Vipassana helped Dominik become an observer of his emotions, rather than a prisoner of them.

Part III: Healing at the Nervous System Level

A month in, after just four sessions, Dominik said, “I feel like I’ve achieved what I came for. I can finally feel my emotions without reacting.”

I smiled and said, “There’s another level to this.” Because emotional reactivity doesn’t just come from habit. Often, it comes from an overwhelmed nervous system—shaped by past trauma, chronic stress, or unmet needs.

When the brain perceives threat—real or imagined—it fires off fight-or-flight responses. Over time, this creates a system on high alert. The smallest trigger can feel like a life-or-death event.

To work with this deeper layer, we turned to somatic meditation.

Somatic meditaton helps regulate the nervous system by reconnecting you with your body. It creates a felt sense of safety, which allows stuck emotions to finally move through and release.

How to Practice Somatic Meditation

  1. Sit or lie down in a safe, quiet space.
  2. Gently bring awareness to your body.
  3. Notice sensations—tightness, warmth, numbness.
  4. Stay with the feeling without analyzing it.
  5. Breathe into the area, allowing space around it.
  6. Let whatever arises come and go naturally.

This was the next step in Dominik’s journey—learning not just to observe emotions, but to process them at the body level.

Part IV: Release and Liberation

Fifteen minutes into our first somatic session, a tear came to Doninik’s eyes. Not from pain—but from release.

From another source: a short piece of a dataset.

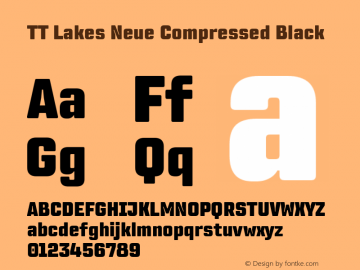 TT Lakes Neue Compressed Black 1.000.18052020图片样张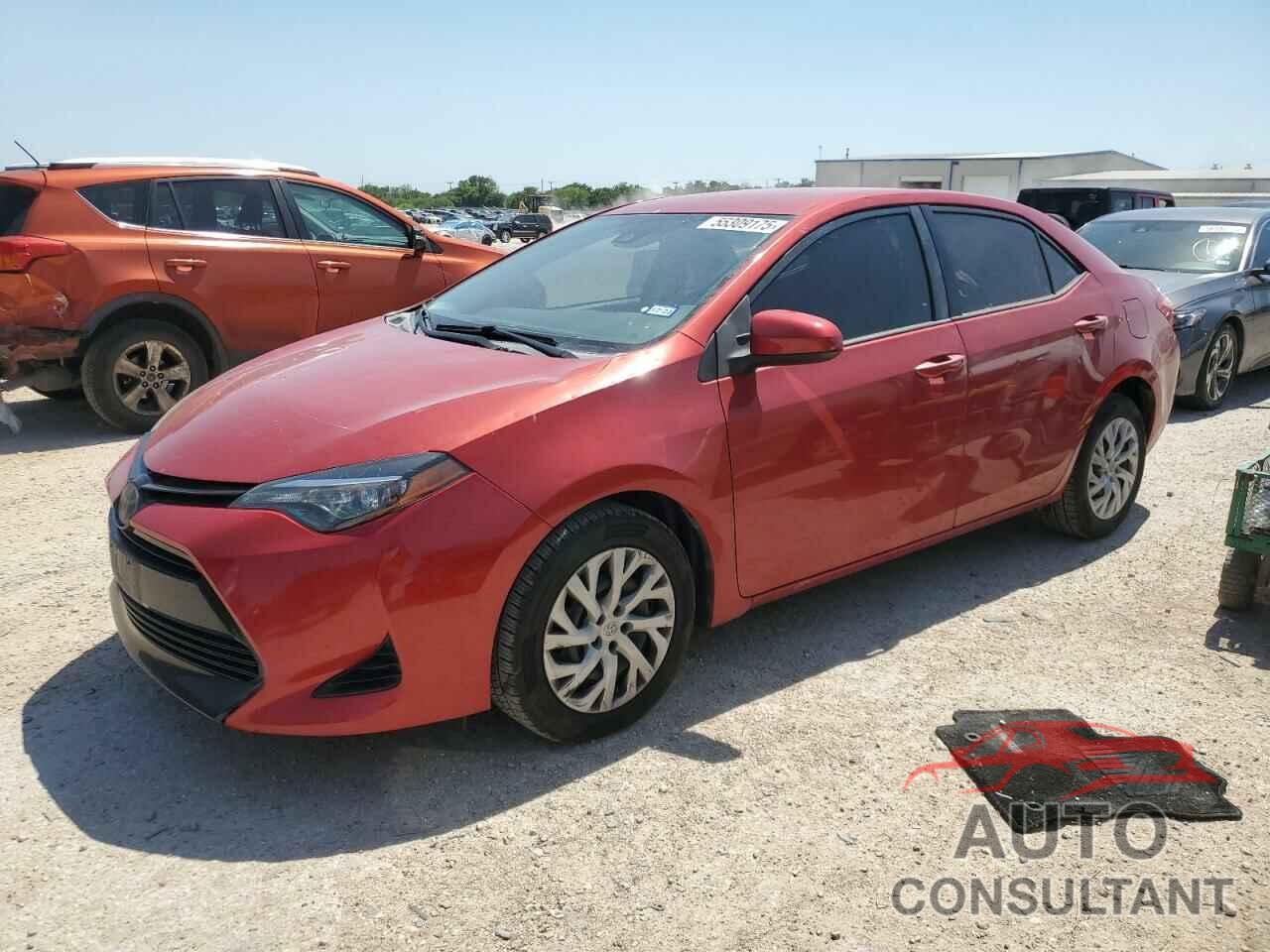 TOYOTA COROLLA 2018 - 5YFBURHE5JP761602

Because emotions don’t just live in the mind. They live in the body. And when the body is finally allowed to feel, to lead, to let go—that’s when true healing happens.

We ended the session in silence. I always give clients the option to simply sit after, without words, to integrate. Dominik sat quietly, but the shift in his energy was visible.

A weight had lifted.

That was the day Dominik found freedom—not by avoiding emotions, but by learning to be with them fully, and letting them pass.

We had finished part one of his journey. In part two, which I’ll share in another post, Dominik began to go beyond regulating emotions to consciously shaping his emotional world.

But for now, we pause.

Because sometimes, the space between the breath and the feeling is enough.